> `pee` [...] It runs the commands using popen, so it's actually passing them to /bin/sh -c (which on most systems is a symlink to Bash).
Do not assume /bin/sh is Bash!!
On Debian-based systems, including Ubuntu, Dash is the default non-interactive shell. Specifically, Dash does not support common Bashisms.
(Not to mention Alpine, OpenWRT, FreeBSD, ...)
This is a bit of a pet-peeve of mine. If you're dropping a reference to `/bin/sh -c` like the reader knows what that means, then you don't need to tell them that "it's a symlink to Bash." They know their own system better than you.
You'll never know for sure what shell is the default, so write your scripts to a minimum shell family, and encode the name of that shell family in the shebang.
The default shell, for either the entire system or an individual user, could be:
- A Bourne shell
- A C shell
- A POSIX shell
- A "modern" shell, like Bash, Zsh, Fish, Osh
Use the following shebangs to call the class of shell you expect. Start with /usr/bin/env to allow the system to locate the executable based on the current PATH environment variable rather than a fixed filesystem path.
#!/usr/bin/env sh
# ^ should result in a Bourne-like shell, on modern systems, but could also be
# a POSIX shell (like Ash), which is not really backwards compatible
#!/usr/bin/env csh
# ^ should result in a C shell
#!/usr/bin/env bash
# ^ should result in a Bash shell, though the only version you should
# expect is version 3.2.57, the last GPLv2 version
#!/usr/bin/env dash
# ^ you expect the system to have a specific shell. if your code depends
# on Dash features, do this. otherwise write your code using an earlier
# version of the original shell family, such as Bourne or POSIX.

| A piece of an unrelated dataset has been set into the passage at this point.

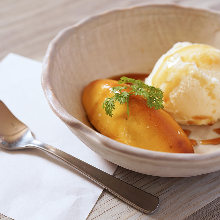 スイートポテトのバニラアイスクリーム添え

If you need to pass a command-line argument to the shell command before interpreting your script, use the fixed filesystem path for the shell. Due to bugs in the way kernels execute scripts, all arguments after the initial shebang path may be sent as a single argument, which is probably not what you (or the shell command) expect. (e.g. use #!/bin/bash --posix instead of #!/usr/bin/env bash --posix as the latter may fail)
Different shells have different implementation details. For example, Bash tends to skew toward POSIX conformance by default, even if it conflicts with traditional Bourne shell behavior. Dash may try to implement POSIX semantics, but also has its own specific behavior incompatible with POSIX.

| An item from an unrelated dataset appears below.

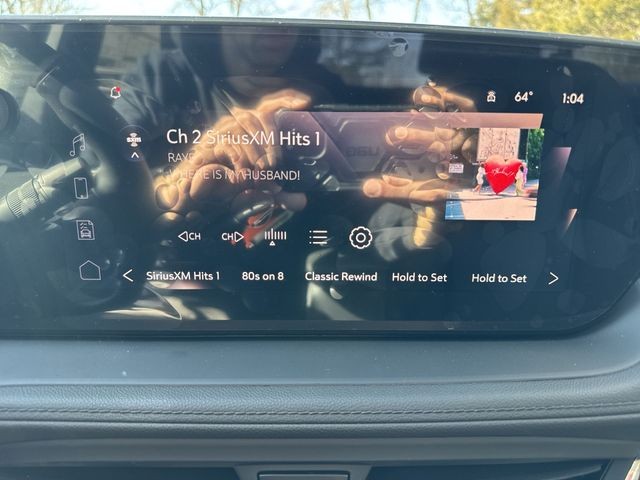 Buick Encore GX Vehicle Full-screen Gallery Image 15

In order to get specific behavior (like POSIX emulation), you may need to add a flag like --posix, or set an environment variable like POSIXLY_CORRECT. For shells that support it, you can also detect the version of the shell running, and bail if the version isn't compatible with your script.
Here are some references of the differences between shells:
- Comparison of command shells[1]
- Major differences between Bash and Bourne shell[2]
- Practical differences between Bash and Zsh[3]
- Fundamental differences between mainstream \*NIX shells[4]
I use `ts` quite often in adhoc logging/monitoring contexts. Because it uses strftime() under the hood, it has automatic support for '%F' and '%T', which are much easier to type than '%Y-%m-%d' and '%H:%M:%S'. Plus, it also has support for high-resolution times via '%.T', '%.s', and '%.S':
Assuming semi-recent bash(1), you can also get away with something like
while read -r line; do printf '%(%F %T %s)T %s\n' "-1" "${line}"; done
as the right-hand side/reader of a shell pipe for most of what ts(1) offers. ("-1" makes the embedded strftime(3) format string assume the current time as its input).
Not a moreutil, but I recently discovered `pv`, the pipe viewer and it's so useful. Like tqdm (Python progressbar library) but as a Unix utility. Just put it between two pipes and it'll display rate of bytes/lines
Apparently it's neither a coreutil nor a moreutil.
If you have a long running copy process running but forget to enable progress, you can use the "progress" utility to show the progress of something that is already running.
pv file.tar.gz.part1 file.tar.gz.part2 | tar -x -z
Just like cat, pv used this way will stream out the concatenation of the passed-in file paths; but it will also add up the sizes of these files and use them to calculate the total stream size, i.e. the divisor for its displayed progress percentage.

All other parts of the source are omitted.